Total Credits: 1.2 Self Study
Original program date 12/16/2022
In formulating their trust and estate plans, clients often want to set up benchmarks of achievement before distributions or gifts are made. These benchmarks often involve educational attainment – i.e., that a child obtain a college degree by a certain. But they may involve more difficult to measure benchmarks or life goals that are arguably not appropriate – i.e., that a child marry or have children of their own by a certain age. Conditional gifts can easily lead to resentments among beneficiaries, questionable enforceability, disputes, and fiduciary litigation. This program will provide you with a practical guide to conditional gifting using incentive trusts and other mechanisms, and counseling clients about the real limits and risks of conditional gifting.
• Conditional gifting using incentive trusts and other mechanisms
• Establishing objectively measurable conditions for gifts or distributions
• Types of conditions or benchmarks – education, life goals, etc.
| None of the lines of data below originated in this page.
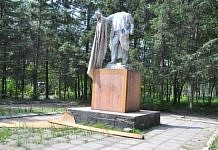 Безголовый памятник Ленину в Свободном вновь закрыли коробом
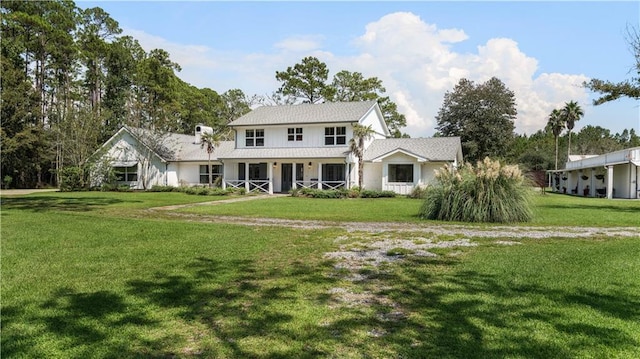 view of front facade featuring a front lawn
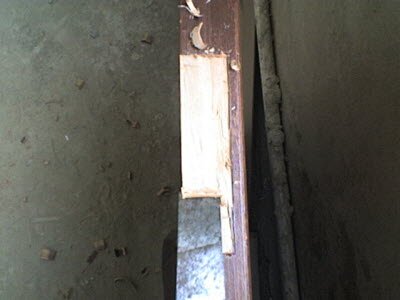 Как устанавливает двери Серега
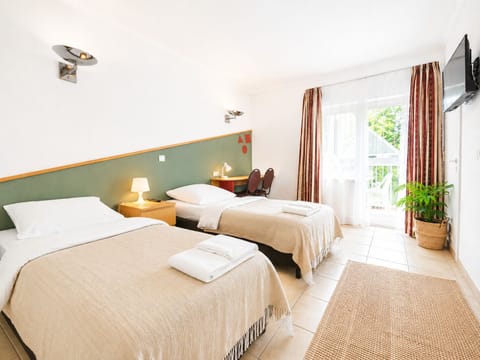 Double Room | Desk, free WiFi, bed sheets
• What’s enforceable, what’s not – counseling clients about limits
• Choosing the right fiduciaries to administer conditional gifts/incentive trusts
Note: This material qualifies for self-study credit only. Pursuant to Regulation 15.04.5, a lawyer may receive up to six hours of self-study credit in a reporting year. Self-study programs do not qualify for ethics, elimination of bias or Kansas credit.